# Trees and Beans



## rjmoses (Apr 4, 2010)

I've never seen anything quite like this before:





























Notice the semi-circles on the outer rows. The beans are sparse, maybe 6" tall, and the outer edge of the semi-circle looks like they just didn't germinate.

These are directly across from some healthy-sized trees. My neighbor and I were talking about this and he thought that the trees maybe sucked all the moisture out of the ground. There is a steep bank and road on the other side of the tree line, so I'm thinking the tree roots grew more towards the field side.

This bean field was OG for the previous 7 years and no chemicals except for 2,4D were applied.

Any other thoughts?

Ralph


----------



## haybaler101 (Nov 30, 2008)

Have the same thing under a big pecan tree in my uncles yard. Half circle of one foot tall beans with no leaves left and rest of field is over waist high and just yellowing. Definitely sucked all the water out!


----------



## rjmoses (Apr 4, 2010)

haybaler101 said:


> Have the same thing under a big pecan tree in my uncles yard. Half circle of one foot tall beans with no leaves left and rest of field is over waist high and just yellowing. Definitely sucked all the water out!
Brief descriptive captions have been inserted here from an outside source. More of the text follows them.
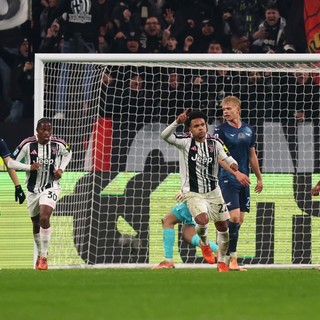 Kalulu salva la Juve e beffa la Lazio al 96°, a Torino finisce 2-2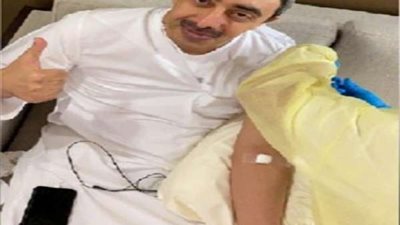 وزير خارجية الإمارات يعلن تلقيه لقاح كورونا (فيديو)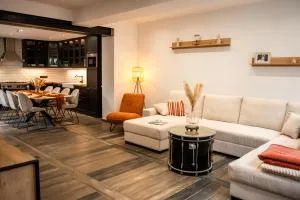 A l'Orange Sanguine - 拉卢维耶尔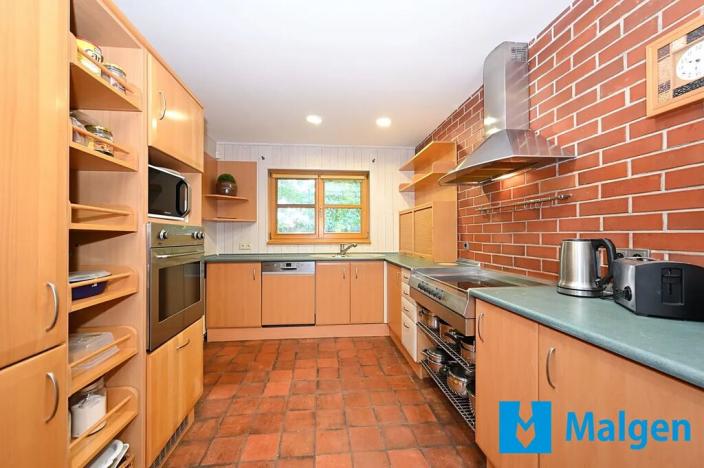 Prodej rodinného domu, Chrášťany, V Zahradách, 213 m2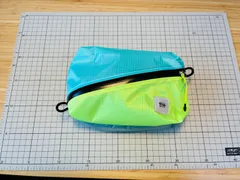 ボックスポーチM ななめジッパー リップストップナイロン（ネオンイエロー／ターコイズ／グレー）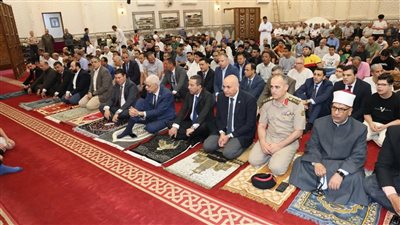 محافظ المنوفية يؤدي شعائر صلاة عيد الأضحي المبارك بمسجد الرؤوف الرحيم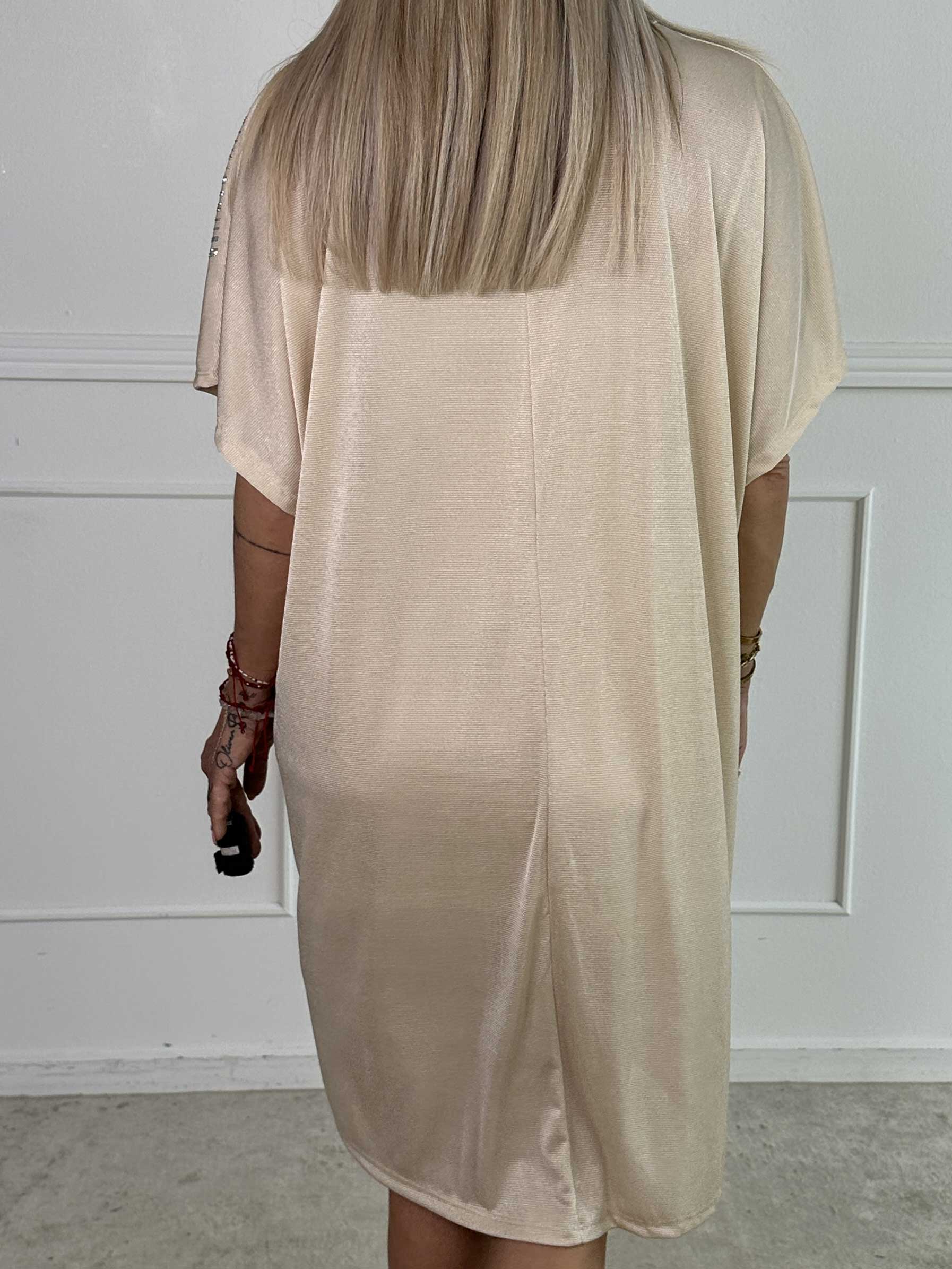 Phoebe - Viskose tunikakjole i løs pasform med similisten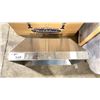 Image 2 : VENT-A-HOOD STAINLESS STEEL METAL 28.4" MODERN ELECTRIC RANGE HOOD *DISPLAY MODEL*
I know black walnut trees emit a chemical, called juglone, that repels insects and also causes horse's hooves to de-laminate.

I wonder if there is something from one of these trees (there is a mix of pin oak, mulberry, pine, etc.) that could be causing the beans to be hurt?

Ralph


----------



## SCtrailrider (May 1, 2016)

We see it often around here with our droughts the trees take all the moisture & nutrients..


----------



## PaMike (Dec 7, 2013)

rjmoses said:


> I know black walnut trees emit a chemical, called juglone, that repels insects and also causes horse's hooves to de-laminate.
> 
> I wonder if there is something from one of these trees (there is a mix of pin oak, mulberry, pine, etc.) that could be causing the beans to be hurt?
> 
> Ralph


The chemical the walnut trees omit also will affect germination and growth of other trees, grass,weeds,brush in the area around the trees.


----------



## Palmettokat (Jul 10, 2017)

Good strong subsoiler run at edge of the field will help a lot. Do not try it at high speed, will be amazed how large the roots are. If you are afraid of killing the tree or trees then do it in stages over a few years either begin on the shallow side or begin in the field and keep moving out of the field. But odds are the tree will not suffer as much as you think if you are only cutting one side and then not all on that side. It is amazing how far some roots will run and how they will run under a ditch a few feet deep and them come up on the other side of the ditch into our field on the other side of the ditch.

Oh the semi circle is the shape of the tree, the dew line or where the end of the feeder roots are. The desired area to fertilizer trees. I think the feeder roots runs several feet past the so call dew line past the end of the limbs.


----------



## rjmoses (Apr 4, 2010)

Palmettokat said:


> Good strong subsoiler run at edge of the field will help a lot. Do not try it at high speed, will be amazed how large the roots are. If you are afraid of killing the tree or trees then do it in stages over a few years either begin on the shallow side or begin in the field and keep moving out of the field. But odds are the tree will not suffer as much as you think if you are only cutting one side and then not all on that side. It is amazing how far some roots will run and how they will run under a ditch a few feet deep and them come up on the other side of the ditch into our field on the other side of the ditch.
> 
> Oh the semi circle is the shape of the tree, the dew line or where the end of the feeder roots are. The desired area to fertilizer trees. I think the feeder roots runs several feet past the so call dew line past the end of the limbs.


Good points.

Thanks

Ralph


----------



## mlappin (Jun 25, 2009)

Definitely the trees causing it, we have it all the time, especially on the lighter ground.


----------



## Wethay (Jul 17, 2015)

Crop circles from pre GPS technology aliens.


----------



## ozarkian (Dec 11, 2010)

I have a walnut tree grove along an alfalfa field that looks the same. Gets worse in drought years.


----------